GARDE : (Avec une révérence) Princesse...

SOMBRA : (Se redressant d’un seul coup) Déjà !

HOPE : Hélas... (Elle referme sa valise et embrasse Sombra) Au revoir, petit frère.

SOMBRA : (En larmes) ... Grande sœur...

HOPE : Sois fort. Ne viens pas voir mon départ demain matin. Nous en souffririons trop l’un et l’autre. Et pense à tout ce que j’ai dit et proposé. Pense à toi ! (Elle confie sa valise au garde) Je t’aime, ne l’oublies pas. Et je reste navré de te laisser pour seule compagnie les chimères de notre jeunesse... (Elle sort avec le garde. Le bruit de foule va s’éloignant.)

SOMBRA : (seul) Non... Non, Hope. Je ne viendrais pas demain... Je partirais avant ! (Il frappe le sol de son sabot en pleurant.)

Scène 4

(Une rue de l’empire. Impression d’après-midi. Des passants vont joyeux, tandis que le marchand, appuyé à son chariot, semble attendre des clients qui ne viendront pas. Sombra, l’air maussade et l’œil rouge, esquive les poneys et va au chariot.)

SOMBRA : Monsieur...

LE MARCHAND : Que puis-je faire pour vous ?
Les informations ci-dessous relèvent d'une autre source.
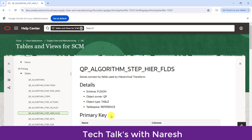This is all about the tables in Oracle Fusion. If you have any doubts or confusion, write in the comment section or email me at the email ID mentioned in the description section. Please like, share, and subscribe to my channel. Thank you for watching.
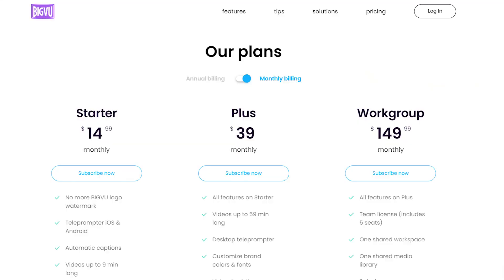If you record with a green screen, you can customize your background really easily using BigView. They have different membership levels ranging from the starter level at $14.99 a month or $79.99 a year, to their plus level at $39 per month or $139 a year. I'll link an overview video that I did previously below.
SOMBRA : Tout dépend de ce que vous avez.

LE MARCHAND : Rien qui ne puisse soigner le mal dont vous souffrez...

SOMBRA : Que voulez-vous dire ?

LE MARCHAND : J’étais là quand on a annoncé la nouvelle. Devant le soldat...

SOMBRA : (avec l’expression de quelqu’un qui se souvient) C’est vous !

LE MARCHAND : (souriant tristement) C’est moi... Quand on a vu ce que j’ai vu... plus le fait que vous tirez une belle tête d’enterrement, votre peine n’est pas un mystère.

SOMBRA : Mais malgré tout, vous pouvez surement m’apaiser plus que vous ne le croyez...

LE MARCHAND : Pauvre jeune âme en peine... Allons, je n’ai pas dans ce chariot de quoi faire de vous un ambassadeur ou un prince.

SOMBRA : Mais vous avez du pain, de l’eau, une besace et cette grosse veste de voyage que je vois là au crochet de votre boutique.

LE MARCHAND : Certes... Mais que comptez-vous en faire ?

SOMBRA : Manger, boire, porter mes affaires et me vêtir, pardi !

LE MARCHAND : Vous avez l’intention de la suivre, n’est-ce pas ?

SOMBRA : Non. On m’a trop fait entendre que ce ne pouvait être ma prérogative, bien que je le regrette.

LE MARCHAND : Alors, vous...

SOMBRA : Je pars, oui.

LE MARCHAND : Mais si soudainement ! Et où cela d’abord ?

SOMBRA : On dit qu’au plus profond de la forêt Everfree, cachée aux yeux des profanes et des imbéciles, se cache une merveilleuse cité. Ce sera un petit pèlerinage pour moi.

LE MARCHAND : Voilà encore de ces affaires d’érudits qui vous retourne la tête. Ne savez-vous pas que l’endroit est rempli de créature plus mortelle les unes que les autres ?

SOMBRA : Il y en a bien ici qui n’ont pas même bronché à l’idée de disparaître pour un projet cent fois moins noble...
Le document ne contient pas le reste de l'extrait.